USADA Lobbied DOJ To Join Whistle-Blower Lawsuit

The head of the U.S. Anti-Doping Agency, Travis Tygart, lobbied Attorney General Eric Holder for the Justice Department to join a whistle-blower lawsuit against Lance Armstrong. This was on the same day when the disgraced cyclist confessed in an interview to Oprah Winfrey that he used banned performance enhancing drugs.

The letter by Tygart is dated the same day on which Armstrong confessed to using performance enhancing drugs before Winfrey. Officials of USADA have been urging Armstrong to speak under oath with its investigators if he hoped to have his lifetime ban reduced but he recently refused to do so and said he will only depose before an international tribunal formed to comprehensively address pro cycling. Tim Herman, Armstrong’s longtime lawyer, remarked that Lance for several reasons will not participate in USADA’s efforts to selectively conduct American prosecutions that only demonize selected individuals while failing to address the 95 percent of the sport over which USADA has no jurisdiction.

A person familiar with discussions between the two sides said among the topics was how much protection the U.S. Anti-Doping Agency could provide Lance Armstrong in the whistle-blower case and against possible criminal action and the cyclist and his attorneys ultimately were not satisfied with USADA’s offer.

Travis Tygart wrote in the letter to Holder that USADA “uncovered one of the greatest frauds in the history of sport” but that his agency had reached the end of what it can do to punish the now-banned cyclist and other “non-sports” people involved with his teams. The USADA chief also wrote that fraud and other crimes were committed and the case involved drug trafficking, federal witness intimidation and that other federal agencies have gathered more information. He also told Holder that the Justice Department joining the case against the cyclist would be viewed favorably by the public and the media.
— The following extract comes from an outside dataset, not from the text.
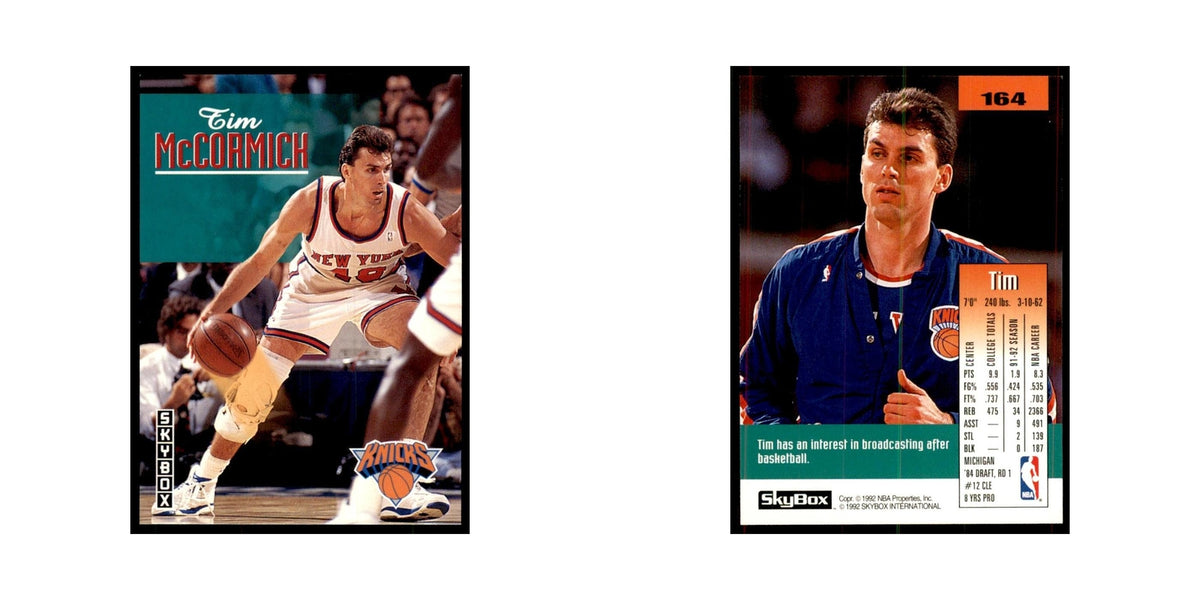 1992 SkyBox Tim McCormick Basketball Cards #164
Tygart called the doping by Lance Armstrong and the Postal Service teams a “massive economic fraud” that “absolutely dwarfs anything Landis did.”

Tygart wrote to Holder on January 14 and urged him to join the civil case and told Holder that “fraud and other crimes were committed” by Lance Armstrong and other members of his former U.S. Postal Service teams. It is not clear if the Attorney General responded, but the Justice Department has not yet announced if it will join the lawsuit filed by former Armstrong teammate Floyd Landis, who was stripped of the 2006 Tour de France title for doping. Landis has accused Lance Armstrong of committing fraud against the Postal Service that sponsored most of the teams of the now-banned Armstrong as the star rider made use of performance enhancing drugs to win the Tour de France a record seven consecutive times. The former teammate of Armstrong was also a key witness in an investigation by the United States Anti-Doping Agency last year, which exposed the doping past of the 41-year-old retired cyclist Armstrong. Landis stands to collect millions of dollars of any possible financial penalties against Armstrong from the whistle-blower suit.

According to the latest update, the Justice Department has joined a whistle-blower lawsuit against disgraced cyclist Lance Armstrong. This increases the odds the cyclist may have to forfeit millions of dollars paid out by his team sponsor, the U.S. Postal Service.